In my blog post “Frégier’s Theorem and Frégier Points” I introduced Fregier’s theorem. In this post I want to show an alternative way of constructing or finding the corresponding Fregier points for points on a Parabola. This alternative method makes use of the Vertex point and the parabola’s axis of symmetry.

I am not sure if this method is covered in other math sources. I discovered this method while “playing” in GeoGebra. If anybody knows a source, please comment or send me an e-mail so I can include in this blog post.

### Let’s Draw A Fregier Point

In the image below, V is the vertex of the parabola and P is a point on the parabola. The line passing through V is the axis of symmetry of the parabola and we want to find P’, which is the Fregier point corresponding to P.

We start by constructing the perpendicular to VP at P. This perpendicular line will intersect the axis of symmetry at V’. At V’ we construct the perpendicular to the axis of symmetry. We also construct another perpendicular to the axis of symmetry that goes through P, and this perpendicular will intersect the parabola at Q and the axis of symmetry at V”. The Fregier point P’ is at the intersection of the perpendicular through V’ and the perpendicular at Q to the line passing through P and V” (the perpendicular to the axis of symmetry that goes trough P and V”.

A second option is to construct the point M, which is the midpoint of V’ and V”. The line passing trough P and M will meet the perpendicular trough V’ at P’.

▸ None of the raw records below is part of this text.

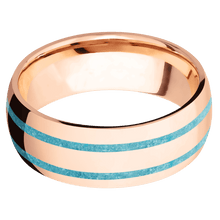 Load image into Gallery viewer, 14K Rose Gold + Polish Finish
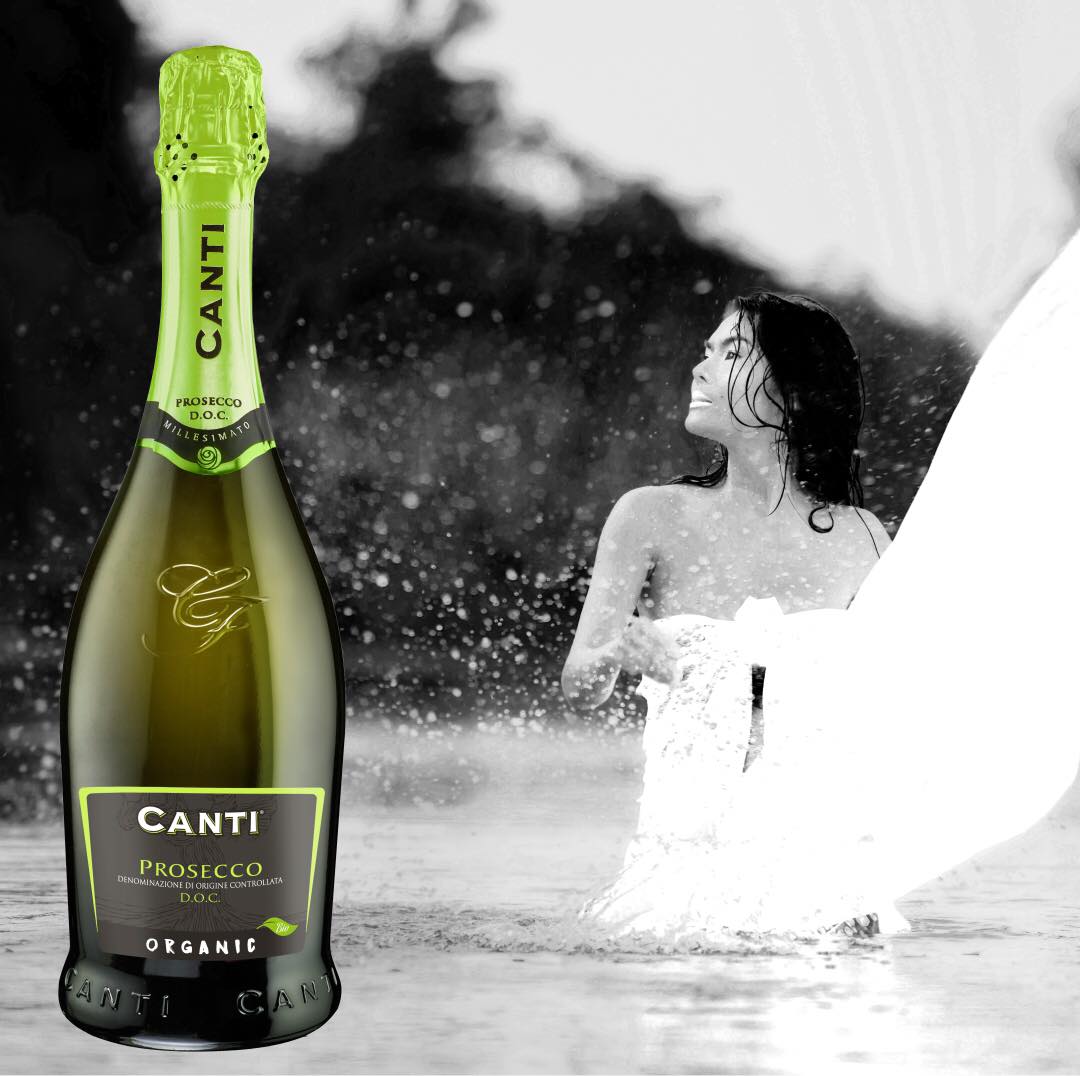 Вино ігристе Canti Prosecco Extra Dry Biologico біле екстра-сухе 0,75л 11% купити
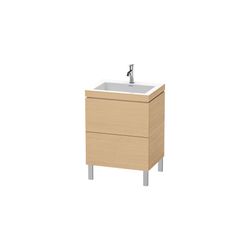 Duravit L-Cube Waschtisch-Set C-bonded bodenst. Dekor, 480x600x698mm Natur Eiche M... DURAVIT-LC6936O3030 4063382088888 (Abb. 1)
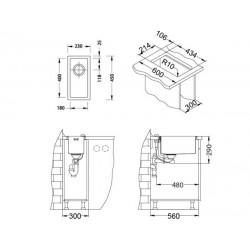 Alveus Quadrix 10 sudoper inox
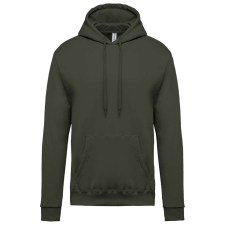 KARIBAN Férfi kapucnis pulóver, Kariban KA476, Dark Khaki-3XL férfi pulóver, kardigán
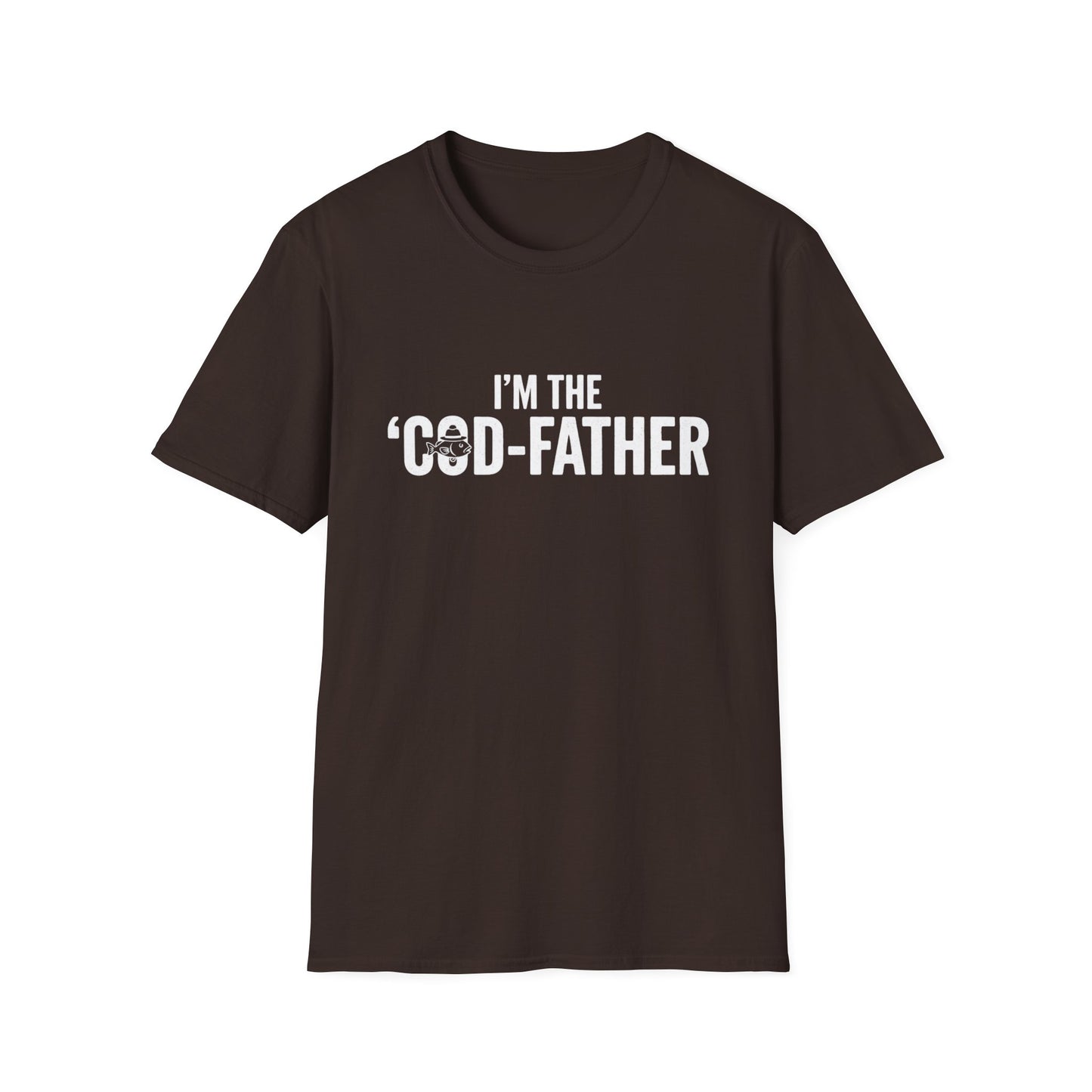 I'm the 'Cod-Father' T-Shirt – Funny Fisherman Dad Gift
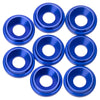 1up Racing 7075 LowPro Countersunk Washers - M3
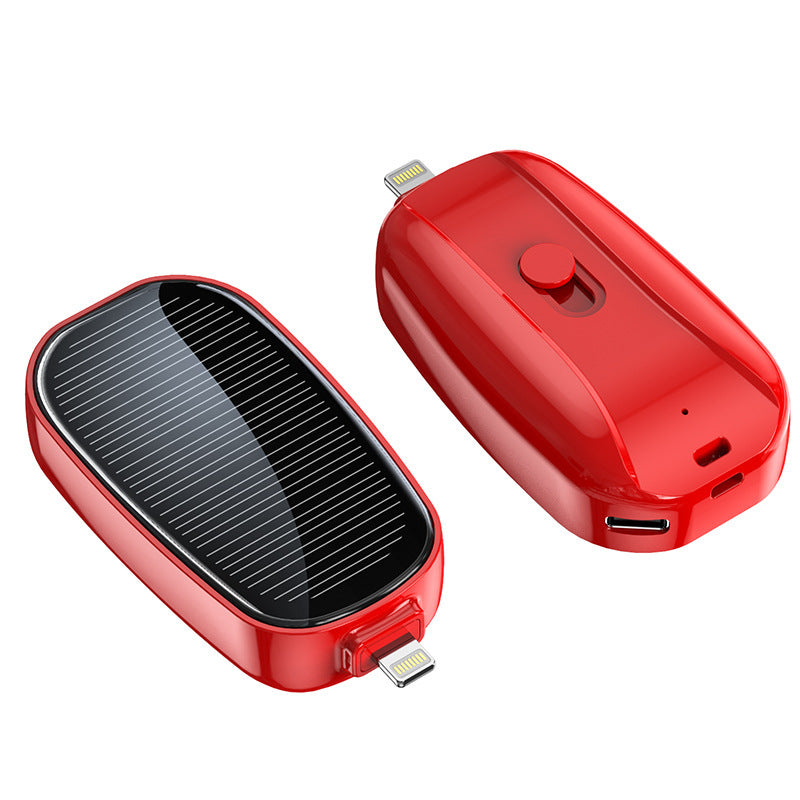 Mini station de charge solaire portable.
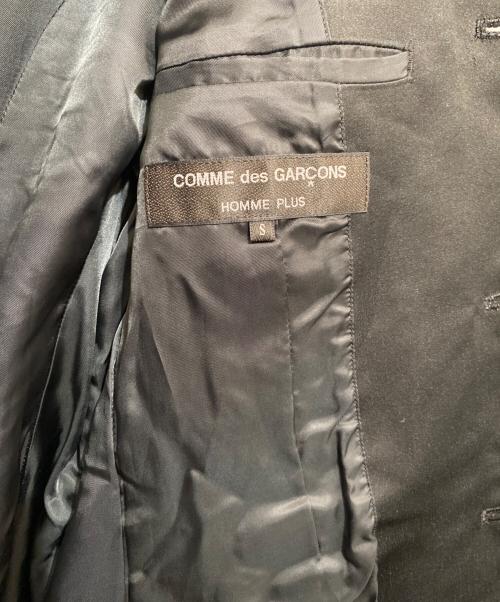 COMME des GARCONS HOMME PLUS（コムデギャルソンオムプリュス）COMME des GARCONS HOMME PLUS (コムデギャルソンオムプリュス) 異素材パッチワークジャケット ブラック サイズ:Sの古着・服飾アイテム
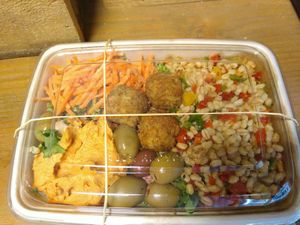 The quite boring salad. Only vegan option besides chia porridge at The Food Stall - Train Station in Odense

It should be pointed out that this method cannot be used to find the Fregier point corresponding to vertex V.

### Some Properties

In the image above I also included a few interesting details. The segments V’V”=QP’= 4 FV (where F is the focus of the parabola).

If we draw the circle centered at F with radius r=FP, the circle will pass trough the points M and Q. The circle will also intersect the axis of symmetry at T. The line PT is the tangent to the parabola at P.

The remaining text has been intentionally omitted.